**Exercise directions**
Transcribe exactly, and without pictures, only the lines from the one bearing "Gianluca Grignani" through the final line of the data below.
#### Information supplied ####
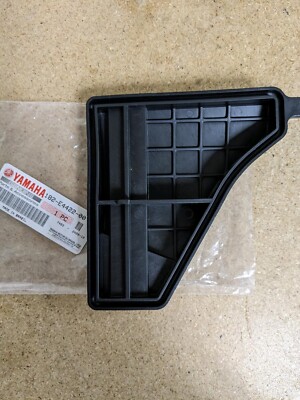 Boîte à Air (filtre à Air) Pour Yamaha TTR 125 - Année 2002 - Pièce D'occasion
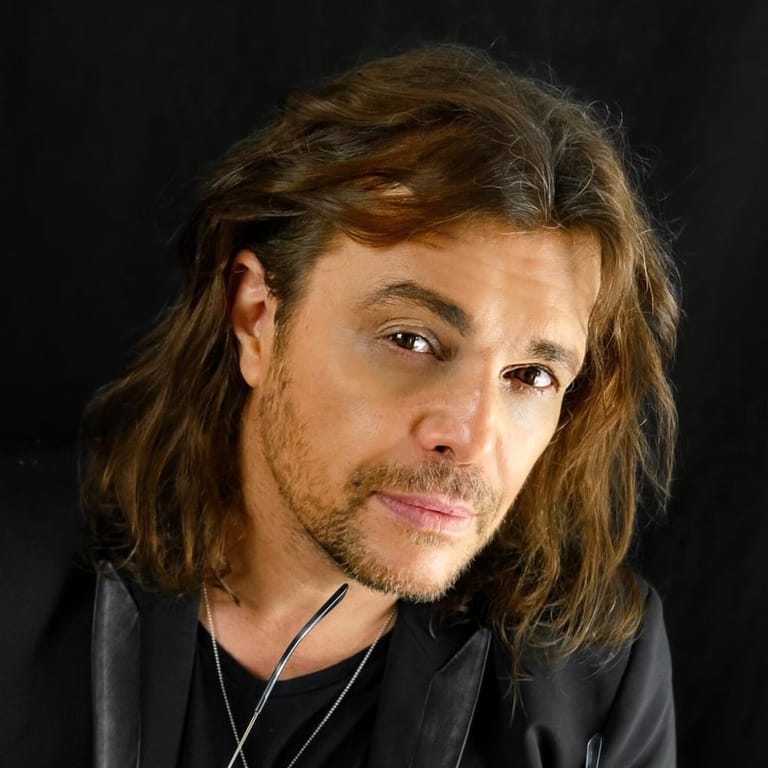 Gianluca Grignani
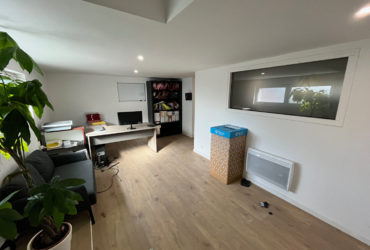 Local d’activité INVEST Landerneau 530 m2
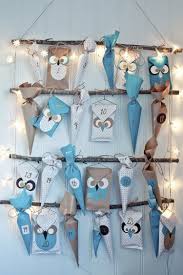 Adventskalender Basteln 30 Originelle Ideen Mit Anleitung Adventskalender Selbst Gestalten Adventkalender Originelle Adventskalender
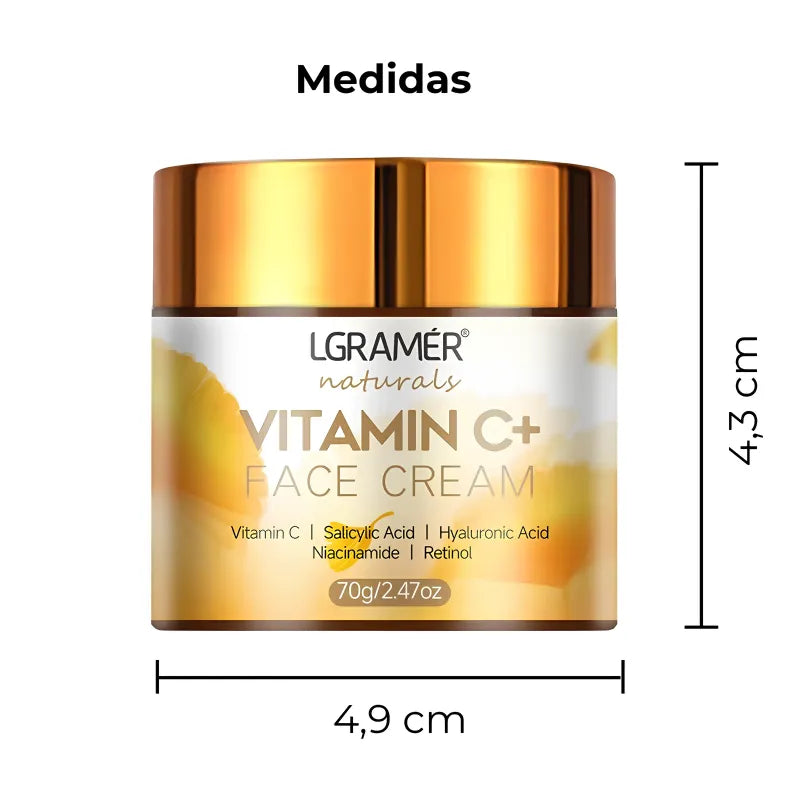 Vitamina C Jole Store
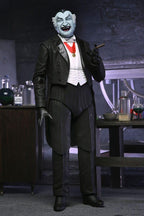 Rob Zombie's The Munsters Action Figur Ultimate Grandpa Munster 18 cm NECA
####
**Reply**
 Gianluca Grignani
 Local d’activité INVEST Landerneau 530 m2
 Adventskalender Basteln 30 Originelle Ideen Mit Anleitung Adventskalender Selbst Gestalten Adventkalender Originelle Adventskalender
 Vitamina C Jole Store
 Rob Zombie's The Munsters Action Figur Ultimate Grandpa Munster 18 cm NECA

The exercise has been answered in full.